Directions:
Starting at the line that holds "Spring and Autumn", restate every line word for word up to and including the last one in the listing below, and omit all pictures.

Exercise data:
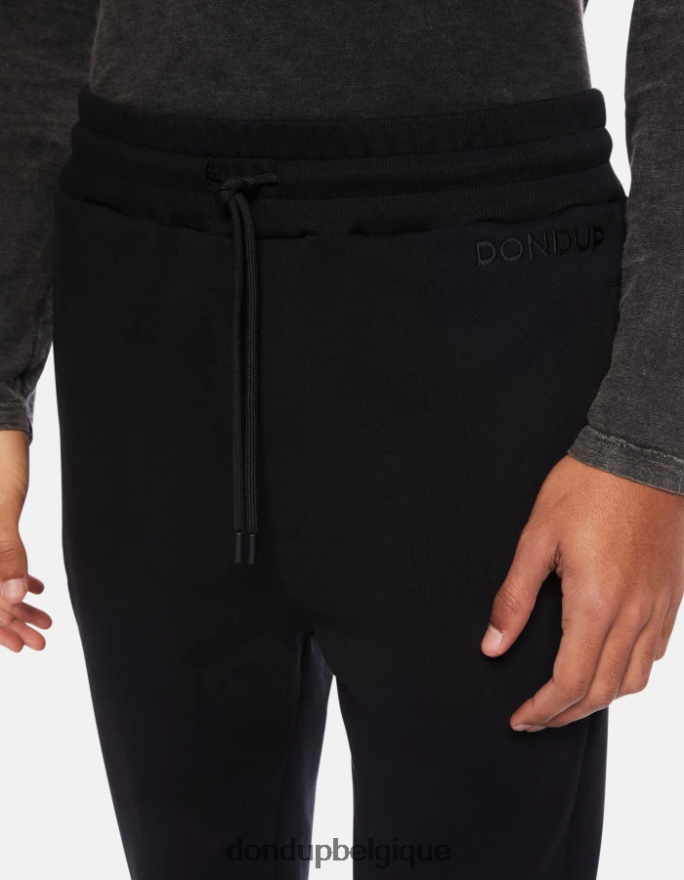 Hommes vêtements DONDUP noir pantalon de jogging coupe classique en molleton 8826D0715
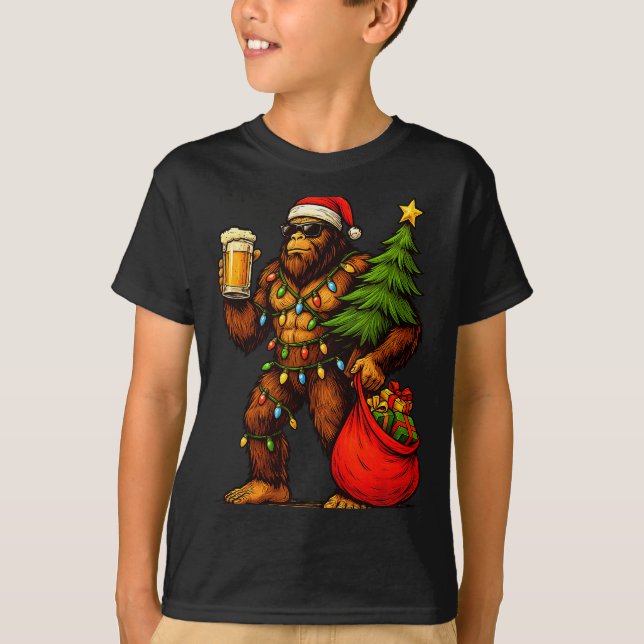 T-shirt Funny Big Foot Santa Hat Drink Christmas Tree Xmas (Devant)
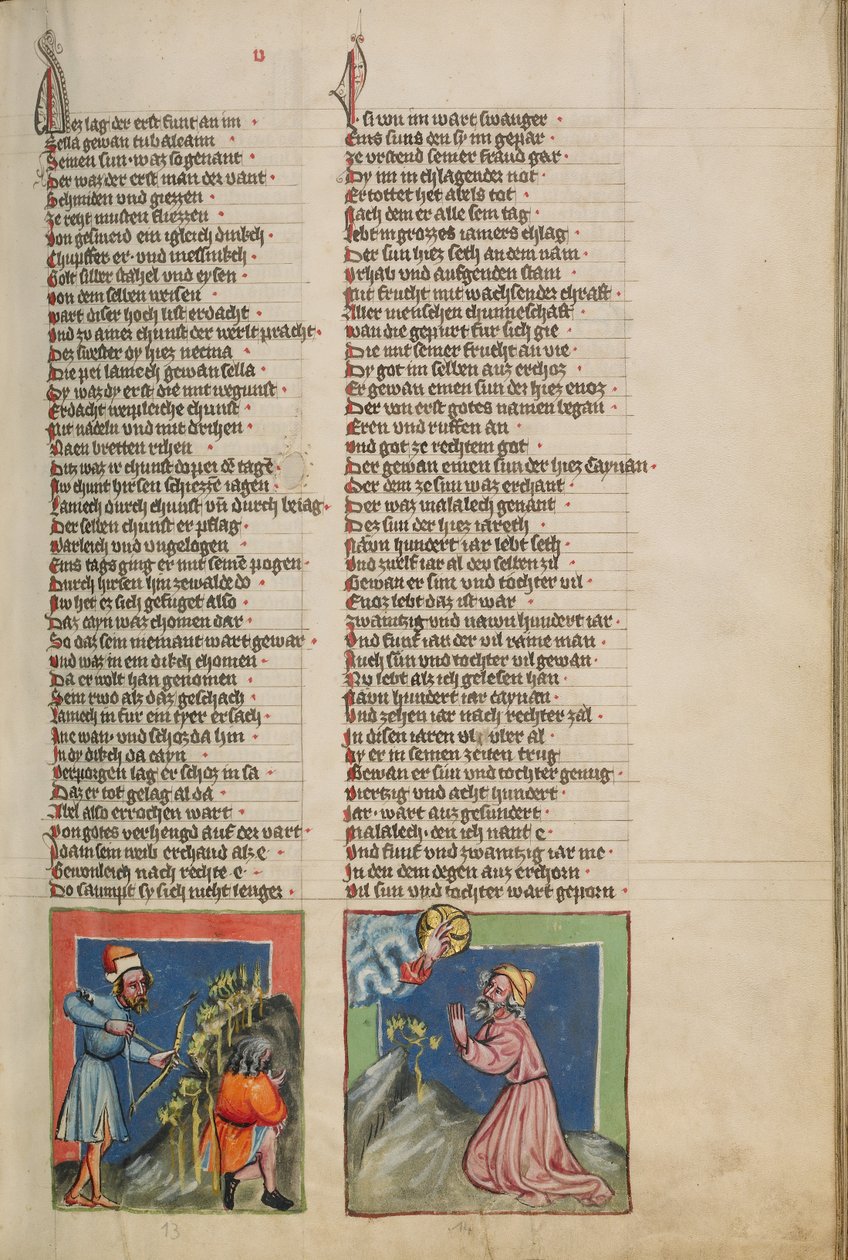 Lameque, o cego, mata Caim; Enoque perante Deus de Unknown artist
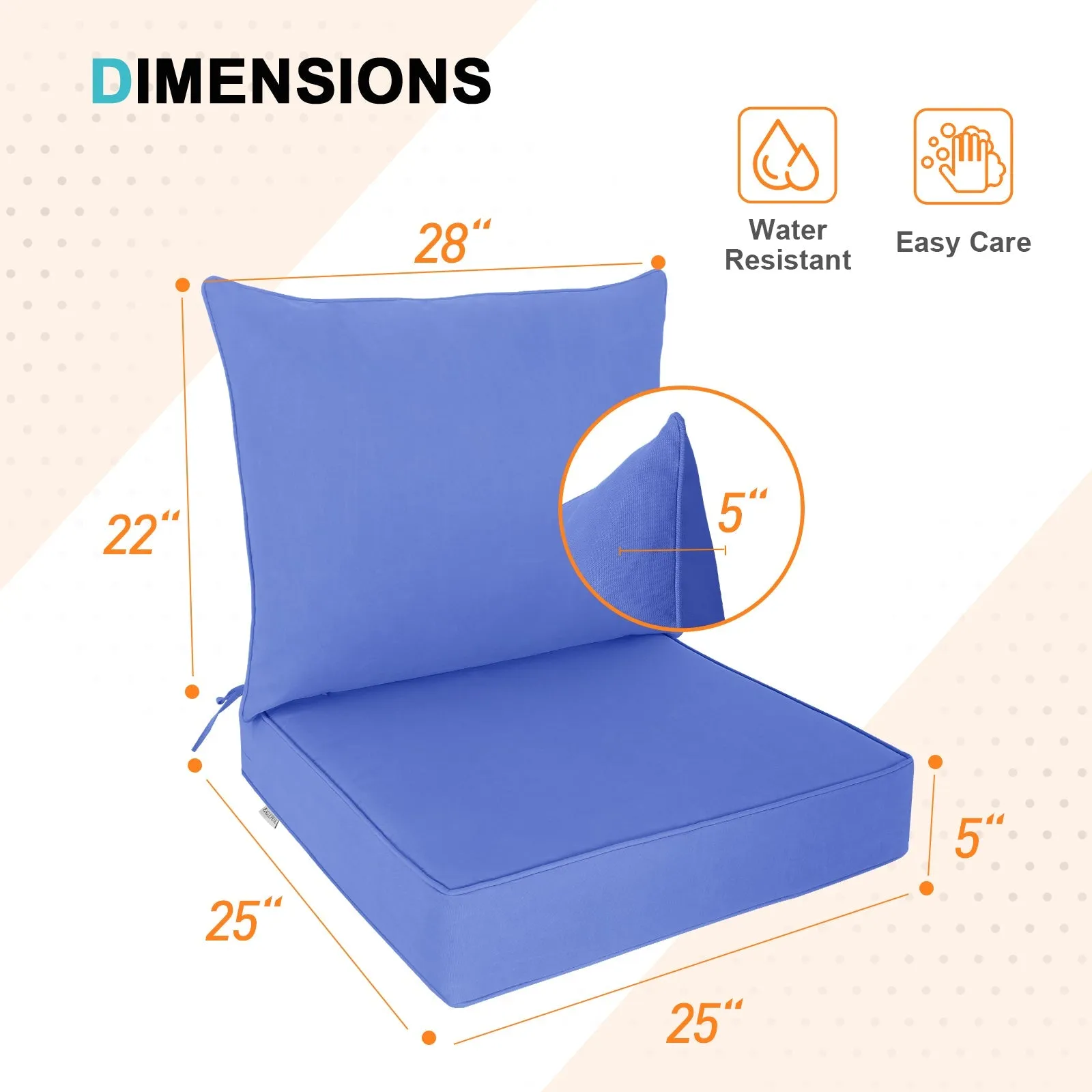 Outdoor Deep Seat Cushion Set, 25 x 25 x 5 inch, Set of 4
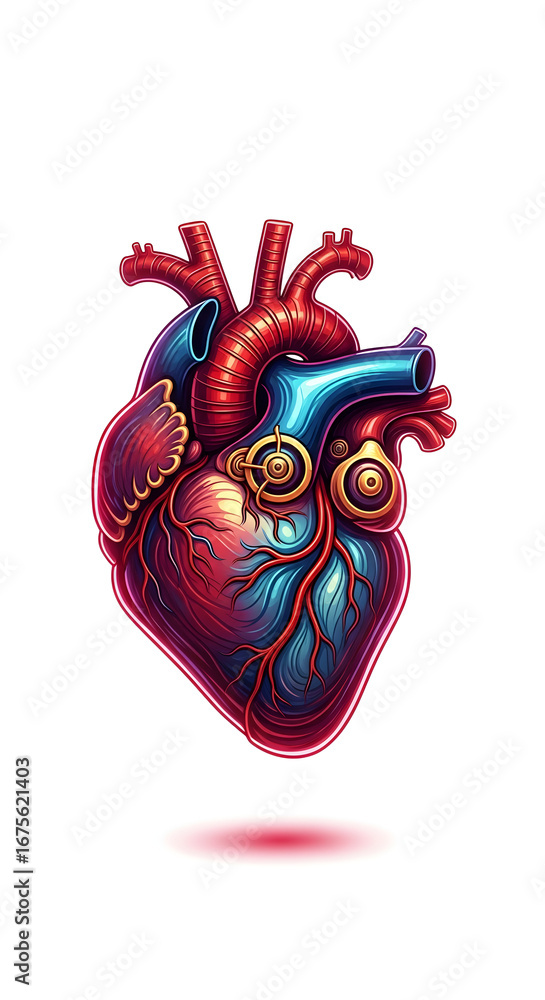Naklejka premium Animated Heart Illustration with Detailed Anatomy Against White Background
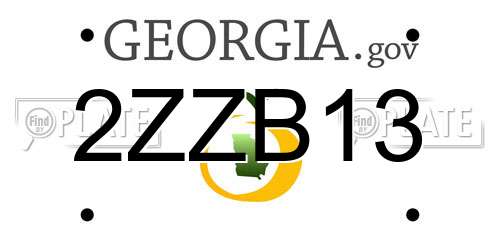 2ZZB13 Georgia License Plate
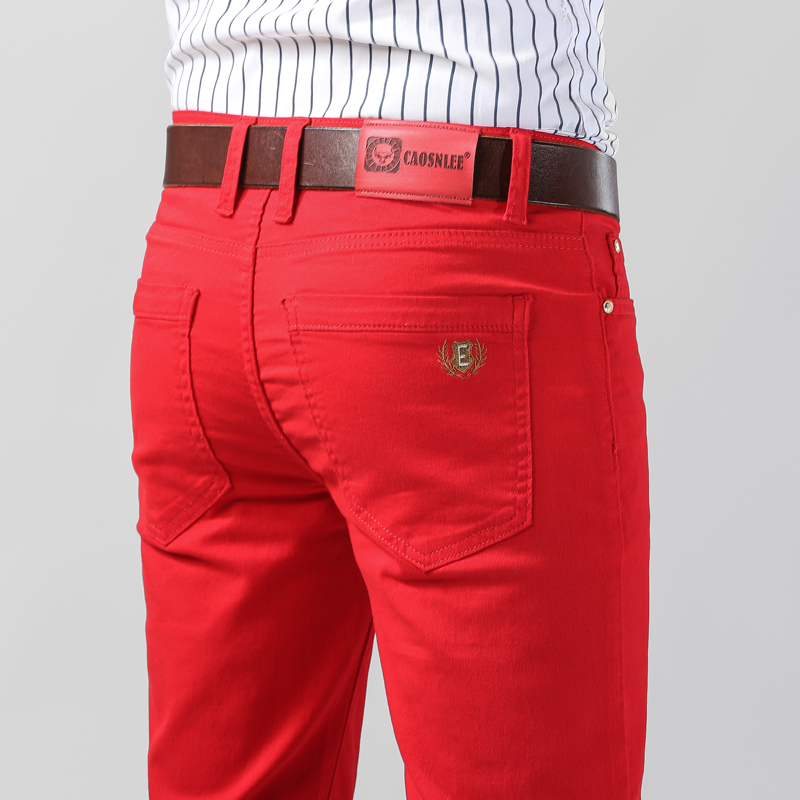 Spring and Autumn Red Jeans for Men, Stretchy Loose Straight-Leg Pants, Red Cotton Stretch Men's Long Pants, Trendy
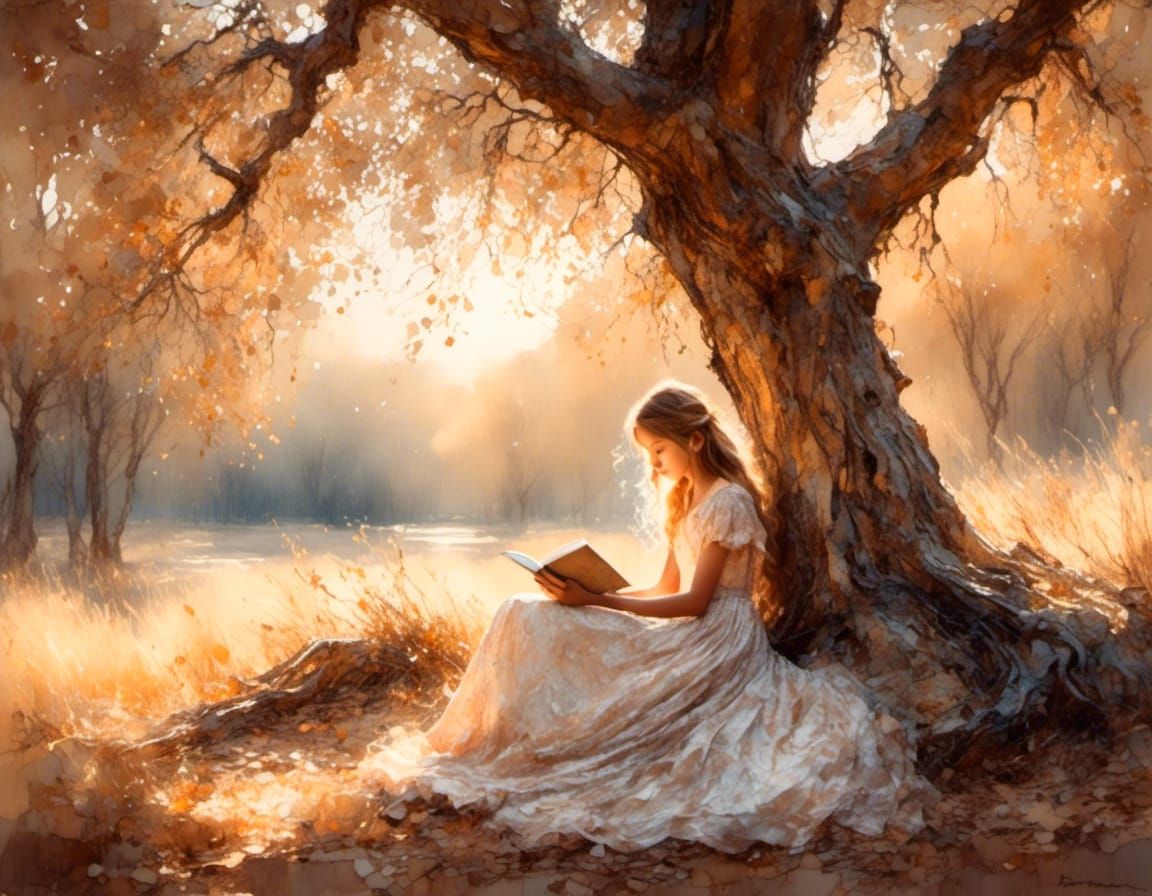 Girl Reading Under Tree in Watercolor Style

Exercise response:
 Spring and Autumn Red Jeans for Men, Stretchy Loose Straight-Leg Pants, Red Cotton Stretch Men's Long Pants, Trendy
 Girl Reading Under Tree in Watercolor Style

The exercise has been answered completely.